Chapter 4. The Cornucopia of the Commons

Dan Bricklin, Cocreator of Visicalc

Let’s get to the bottom of the Napster phenomenon—why is this music trading service so popular? One could say, trivially, that Napster is successful because you can find what you want (a particular song) and get it easily. It’s also pretty obvious that songs are easy to find because so many of them are available through Napster. If Napster let me get only a few popular songs, once I downloaded those I’d lose interest fast.
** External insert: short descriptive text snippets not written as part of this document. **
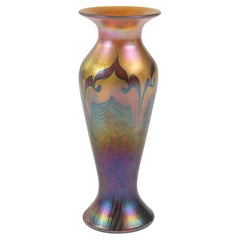 Retro Classic Pulled Feather Art Glass Vase, Lundberg Studios of California, Signed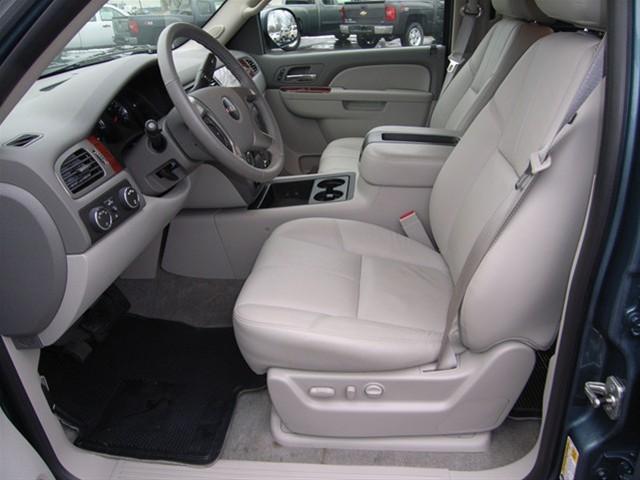 GMC Yukon 2010 photo 4
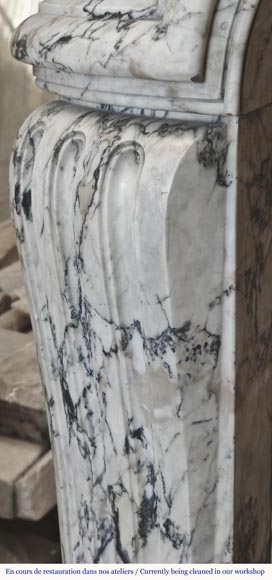 Large Louis XV style fireplace decorated with a large shell, in Seravezza marble Large Louis XV style fireplace decorated with a large shell, in Seravezza marble-7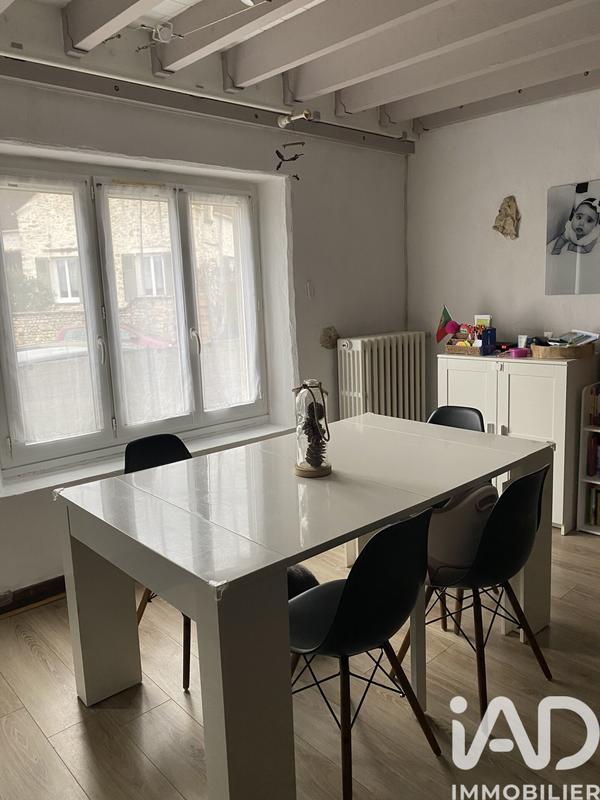 Maison - 104 m² - 5 pièces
But what’s the root cause? Why are so many songs available? Hint: It has nothing to do with peer-to-peer. Peer-to-peer is plumbing, and most people don’t care about plumbing. While the “look into other people’s computers and copy directly” method has some psychological benefit to people who understand what’s going on (as indicated by thinkers such as Tom Matrullo and Dave Winer), I think the peer-to-peer aspects actually get in the way of Napster.

Let’s be blunt: Napster would operate much better if, when you logged in, it uploaded all the songs from your disk that weren’t already in the Napster database. If the songs were copied to a master server, rather than just the names of the songs and who was currently logged in, the same songs would be available for download provided by the same people, but at all times (not just when the “owner” happened to be connected to the Internet), and probably through more reliable and higher-speed connections to the Internet. (Akamai provides the kind of redundancy and efficiency that Napster currently relies on its worldwide network of users to provide.) Napster could at least maintain the list of who has what songs better than they do now.

Napster doesn’t work this way partly because peer-to-peer may be more legal (or so they argue) and harder to litigate against. But other applications may not have Napster’s legal problems and would therefore benefit from more centralized servers. While I’m a strong proponent for peer-to-peer for some things, I don’t think architecture is the main issue driving new services.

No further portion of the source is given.